» WHAT YOU ARE ASKED TO DO: Pictures must not appear in the copy. Reproduce exactly, and only, the lines from the one with "1.Beige-2.White-3.Ivory-4.Nude Pink-5.Nude Yellow" through the end of the data below.
*** EXERCISE INPUT Section Begins ***
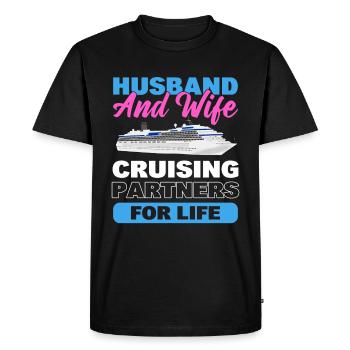 Husband And Wife Cruising Partners For Life Couple - Men's Premium Organic T-Shirt - black - Front - Nico (187cm)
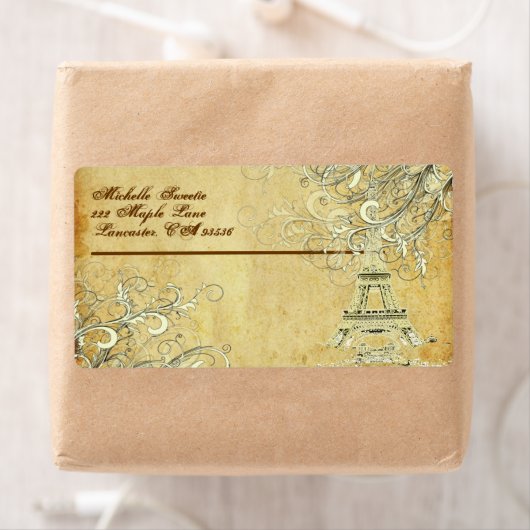 PixDezines La Tour Eiffel Etiket (Insitu)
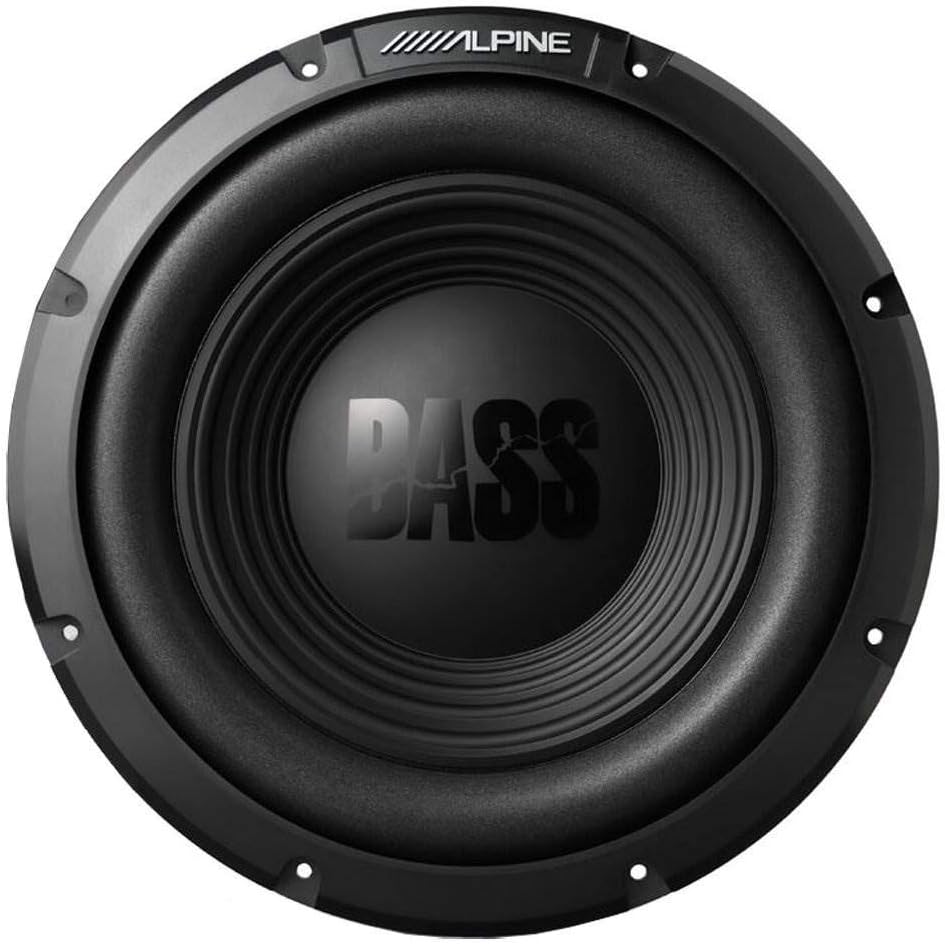 Alpine W10S4 Car Subwoofer 10" Bass Subwoofer 750W Max (250W RMS) 10" BassLine Series Single 4 ohm Car Subwoofer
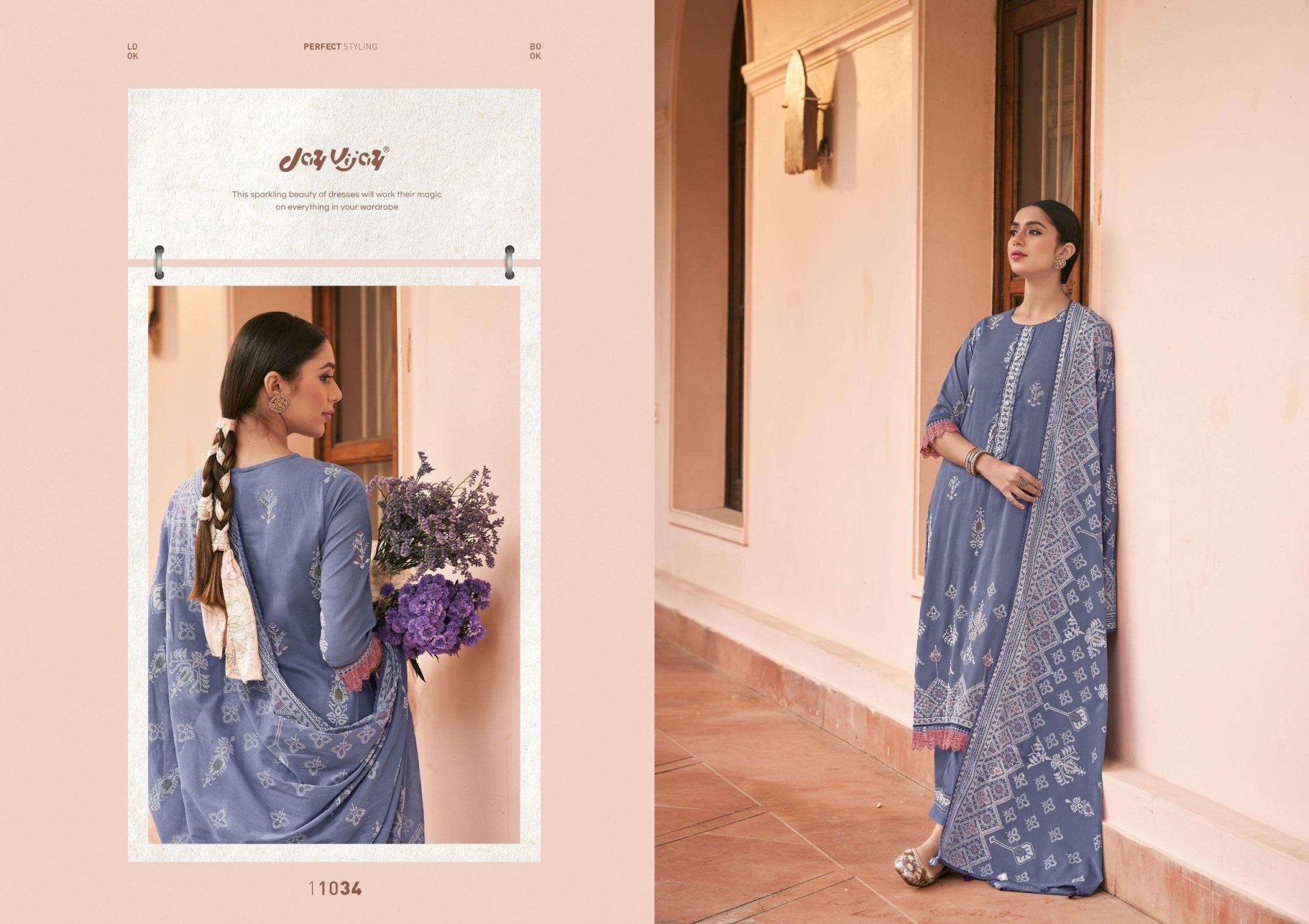 Jay Vijay Jhoom Organdy Dress Material Wholesale - Amrah Wholesale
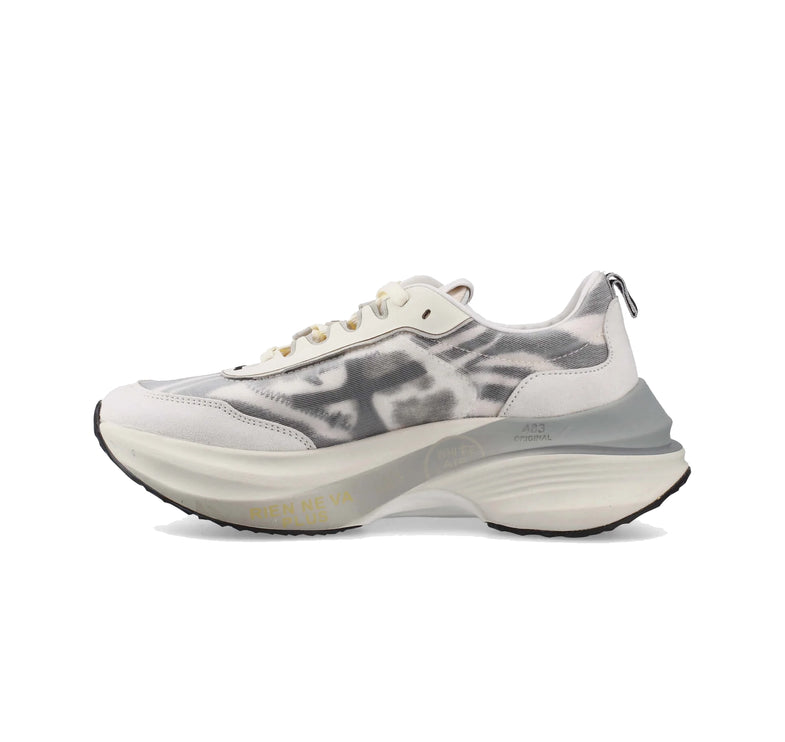 Premiata Women's Hill Sneakers White/Multi 7507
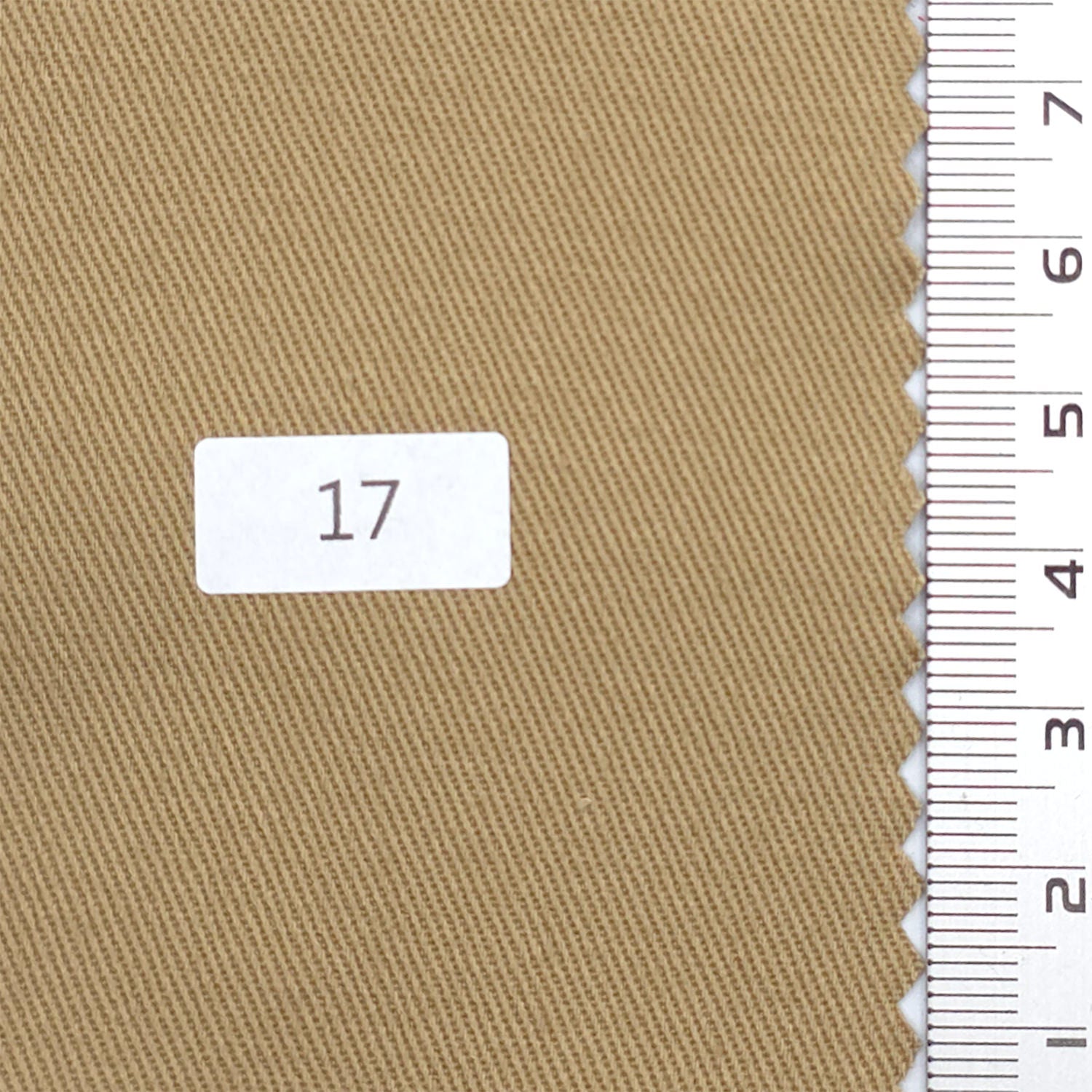 1.Beige-2.White-3.Ivory-4.Nude Pink-5.Nude Yellow - 14 Count High Density Solid Twill Cotton Woven Fabric - FAB 1816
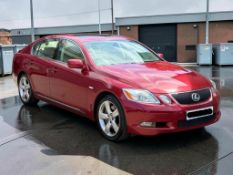 **(ONLY 62K MILEAGE)** 2005 LEXUS GS300 SE-L AUTO 2995CC PETROL SALOON RED >>--NO VAT ON HAMMER--<<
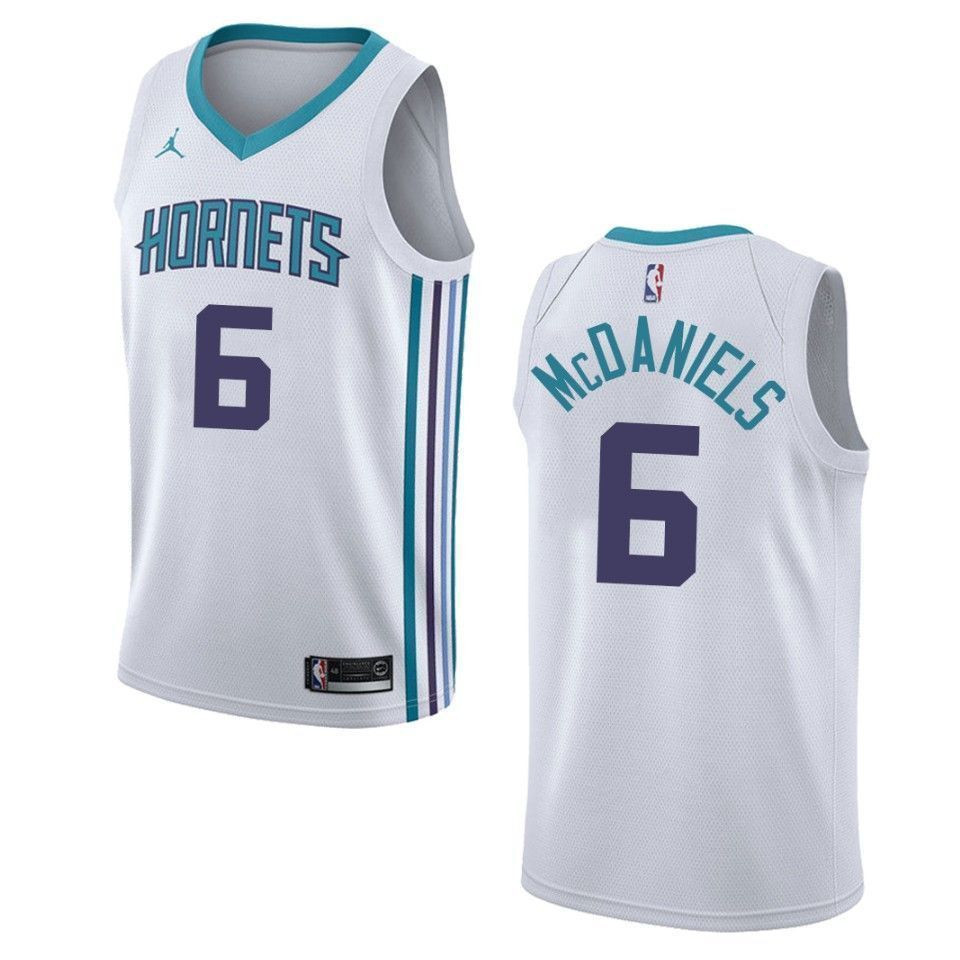 Men's Charlotte Hornets 6 Jalen Mcdaniels Association Swingman Jersey - White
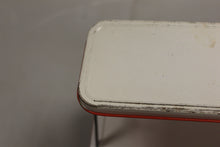 Load image into Gallery viewer, Vintage 1950s White Enamel Tin 2-Tier Collapsible Spice Rack - Used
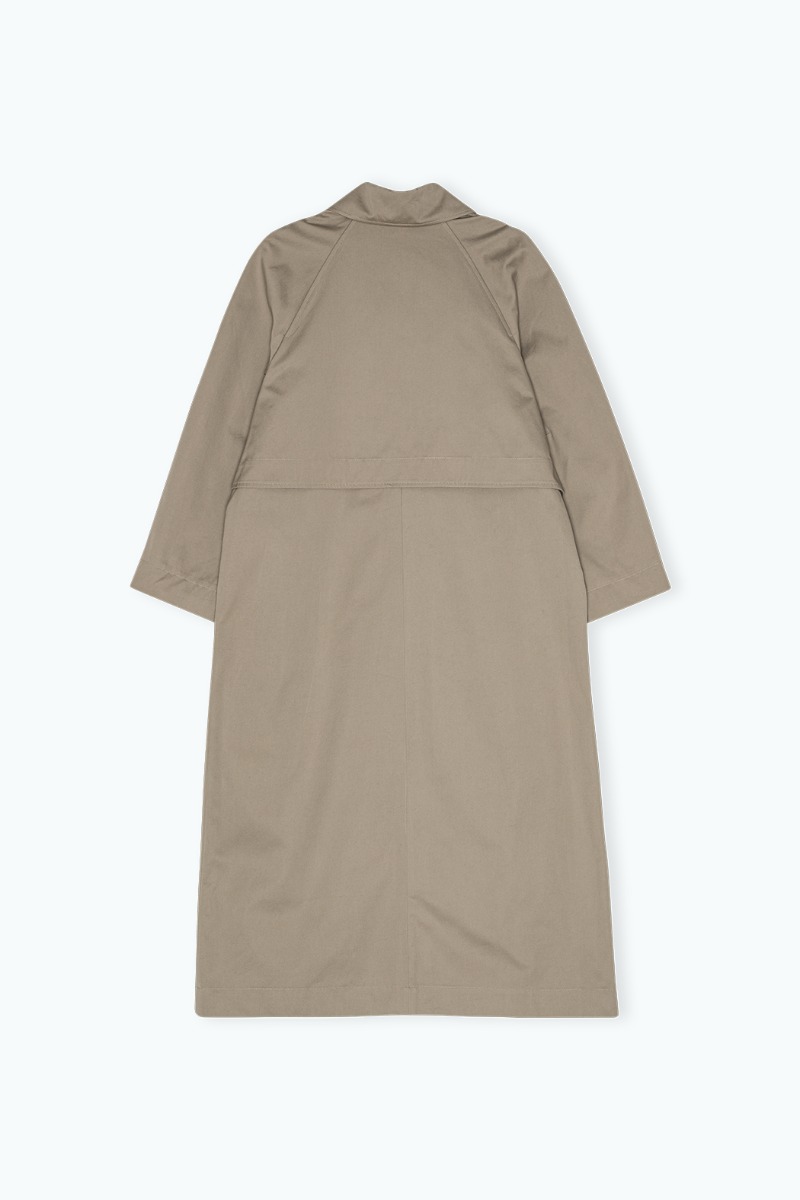 トレンチコート REMAIN BIRGER CHRISTENSEN LONG TRENCH COAT (502420 677) Long Trench Coat Beige - REMAIN Birger Christensen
*** EXERCISE INPUT Section Ends ***
» WRITTEN SOLUTION:
 1.Beige-2.White-3.Ivory-4.Nude Pink-5.Nude Yellow - 14 Count High Density Solid Twill Cotton Woven Fabric - FAB 1816
 **(ONLY 62K MILEAGE)** 2005 LEXUS GS300 SE-L AUTO 2995CC PETROL SALOON RED >>--NO VAT ON HAMMER--<<
 Men's Charlotte Hornets 6 Jalen Mcdaniels Association Swingman Jersey - White
 Load image into Gallery viewer, Vintage 1950s White Enamel Tin 2-Tier Collapsible Spice Rack - Used
 トレンチコート REMAIN BIRGER CHRISTENSEN LONG TRENCH COAT (502420 677) Long Trench Coat Beige - REMAIN Birger Christensen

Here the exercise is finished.